→ INSTRUCTIONS TO FOLLOW: All of the lines below need to be copied exactly, apart from the pictures.

→ EXTRACTED RECORDS:
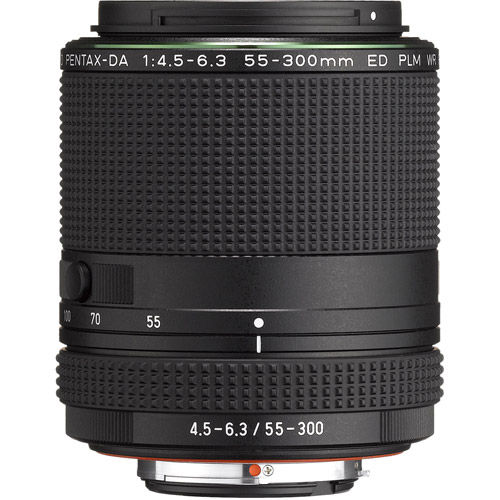 HD DA 55-300F4.5-6.3ED PLM WR RE-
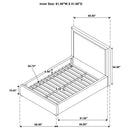 Lawson Panel Platform Bed - Michael's Discount Furniture
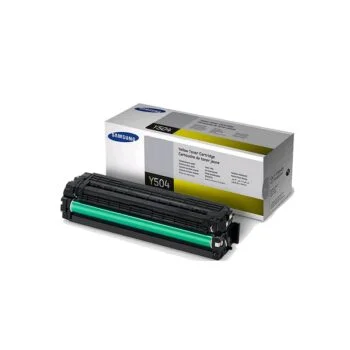 Toner Samsung CLT-Y504S Jaune (SU504A)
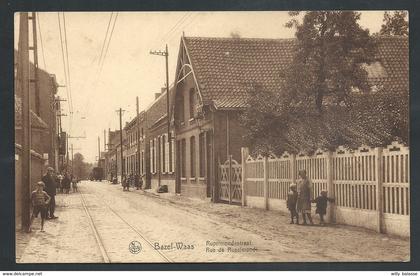 +++ CPA - BAZEL - WAAS - Rue de Rupelmonde - Rupelmondestraat - Nels  //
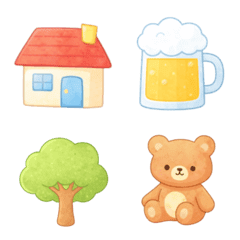 Pookpik Daily Cute Icons Set2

→ RESPONSE AREA:
 HD DA 55-300F4.5-6.3ED PLM WR RE-
 Lawson Panel Platform Bed - Michael's Discount Furniture
 Toner Samsung CLT-Y504S Jaune (SU504A)
 +++ CPA - BAZEL - WAAS - Rue de Rupelmonde - Rupelmondestraat - Nels  //
 Pookpik Daily Cute Icons Set2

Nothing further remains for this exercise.